How to download URLs in a csv and naming outputs based on a column value

Question

1. OS: Linux / Ubuntu x86/x64

2. Task:

Write a Bash shell script to download URLs in a (large) csv (as fast/simultaneous as possible) and naming each output on a column value.

2.1 Example Input:

A CSV file containing lines like:

001,http://farm6.staticflickr.com/5342/a.jpg
002,http://farm8.staticflickr.com/7413/b.jpg
003,http://farm4.staticflickr.com/3742/c.jpg

2.2 Example outputs:

Files in a folder, outputs, containg files like:

001.jpg
002.jpg
003.jpg

3. My Try:

I tried mainly in two styles.

1. Using the download tool's inner support

Take ariasc as an example, it support use -i option to import a file of URLs to download, and (I think) it will process it in parallel to max speed. It do have --force-sequential option to force download in the order of the lines, but I failed to find a way to make the naming part happen.

2. Splitting first

split the file into files and run a script like the following to process it:

#!/bin/bash
INPUT=$1

while IFS=, read serino url
do 
    aria2c -c "$url" --dir=outputs --out="$serino.jpg"
done < "$INPUT"

However, it means for each line it will restart aria2c again which seems cost time and low the speed. Though, one can run the script in bash command multiple times to get 'shell-level' parallelism, it seems not to be the best way.

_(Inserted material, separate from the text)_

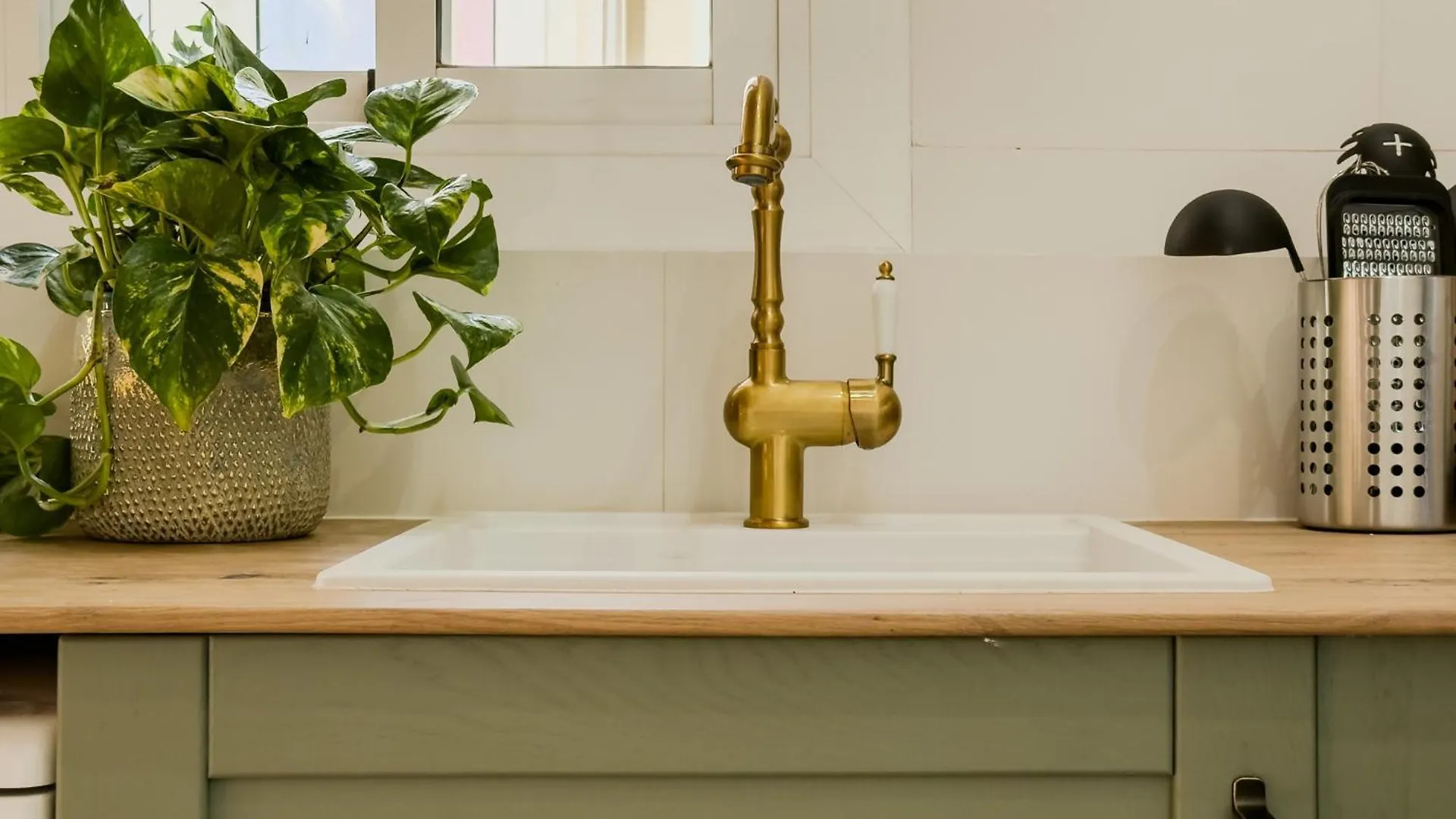 Apartment Magalhaes - Trad Flat In Poble Sec, Near Ramblas Barcelona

Any suggestion ? Thank you,

Reference : CURL should help you .. https://stackoverflow.com/questions/16362402/save-file-to-specific-folder-with-curl-command — thar45, Feb 20 '19 at 07:00
See also [Can aria2c download list of urls with specific file names for each](https://stackoverflow.com/q/46102806/6770384). — Socowi, Feb 20 '19 at 08:02

Socowi · Accepted Answer · 2019-02-20T07:55:39.327

aria2c supports so called option lines in input files. From man aria2c

-i, --input-file=
Downloads the URIs listed in FILE. You can specify multiple sources for a single entity by putting multiple URIs on a single line separated by the TAB character. Additionally, options can be specified after each URI line. Option lines must start with one or more white space characters (SPACE or TAB) and must only contain one option per line.

and later on

These options have exactly same meaning of the ones in the command-line options, but it just applies to the URIs it belongs to. Please note that for options in input file -- prefix must be stripped.

You can convert your csv file into an aria2c input file:

sed -E 's/([^,]*),(.*)/\2\n  out=\1/' file.csv | aria2c -i -

This will convert your file into the following format and run aria2c on it.

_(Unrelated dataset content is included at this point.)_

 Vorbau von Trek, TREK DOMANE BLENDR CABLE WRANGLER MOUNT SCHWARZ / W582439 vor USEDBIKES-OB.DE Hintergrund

http://farm6.staticflickr.com/5342/a.jpg
  out=001
http://farm8.staticflickr.com/7413/b.jpg
  out=002
http://farm4.staticflickr.com/3742/c.jpg
  out=003

However this won't create files 001.jpg, 002.jpg, … but 001, 002, … since that's what you specified. Either specify file names with extensions or guess the extensions from the URLs.

If the extension is always jpg you can use

sed -E 's/([^,]*),(.*)/\2\n  out=\1.jpg/' file.csv | aria2c -i -

To extract extensions from the URLs use

sed -E 's/([^,]*),(.*)(\..*)/\2\3\n  out=\1\3/' file.csv | aria2c -i -

Warning: This works if and only if every URL ends with an extension. For instance, due to the missing extension the line 001,domain.tld/abc would not be converted at all, causing aria2c to fail on the "URL" 001,domain.tld/abc.

Given the actual download speed, this was selected as the ans. The actual number of images are 960k, so when I direct put the file containing the URLs, the aria2c will crash. One can use a bash command, named `split`, to split the file into small ones by lines. `split -l/5 $FILE`, for instance. Then process them one by one. — Laurence W, Feb 28 '19 at 15:43

anubhava · Answer 2 · 2019-02-20T07:32:17.967

1

Using all standard utilities you can do this to download in parallel:

tr '\n' ',' < file.csv |
xargs -P 0 -d , -n 2 bash -c 'curl -s "$2" -o "$1.jpg"' -

-P 0 option in xargs lets it run commands in parallel (one per core processor)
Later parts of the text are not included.